# [Problem to solve]
Starting at the line that contains "Portait of delighted", transcribe each line through the end of the material below, exactly and nothing else, leaving out the pictures.

# [Material provided]
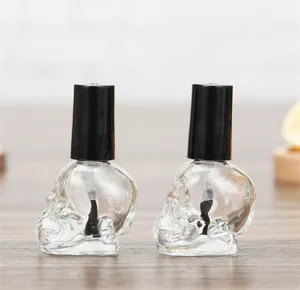 IBELONG Clear 10ml Skull Glass Nail Polish Empty Bottle Packaging with Brush Supplier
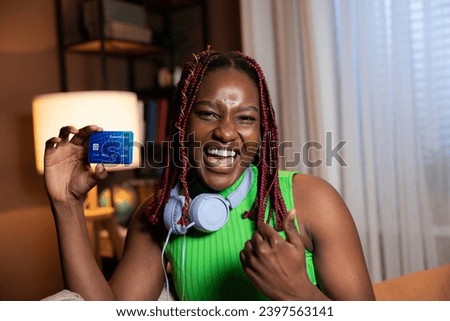 Portait of delighted cheerful afro american woman with colorful bright hair smiling looking at camera raising fist showing credit card at camera wearing modern new purple headphones sitting at home.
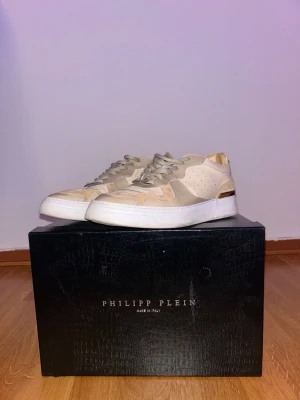 Beige sneakers från Philipp Plein - Stilrena sneakers i beige och ljusbrunt från Philipp Plein. Skorna har en låg siluett, perforerade detaljer på sidorna och ovandelen, samt vita sulor. Tillverkade i läder och mocka med snygga metalldetaljer och logga på plösen.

# [Task answer]
 Portait of delighted cheerful afro american woman with colorful bright hair smiling looking at camera raising fist showing credit card at camera wearing modern new purple headphones sitting at home.
 Beige sneakers från Philipp Plein - Stilrena sneakers i beige och ljusbrunt från Philipp Plein. Skorna har en låg siluett, perforerade detaljer på sidorna och ovandelen, samt vita sulor. Tillverkade i läder och mocka med snygga metalldetaljer och logga på plösen.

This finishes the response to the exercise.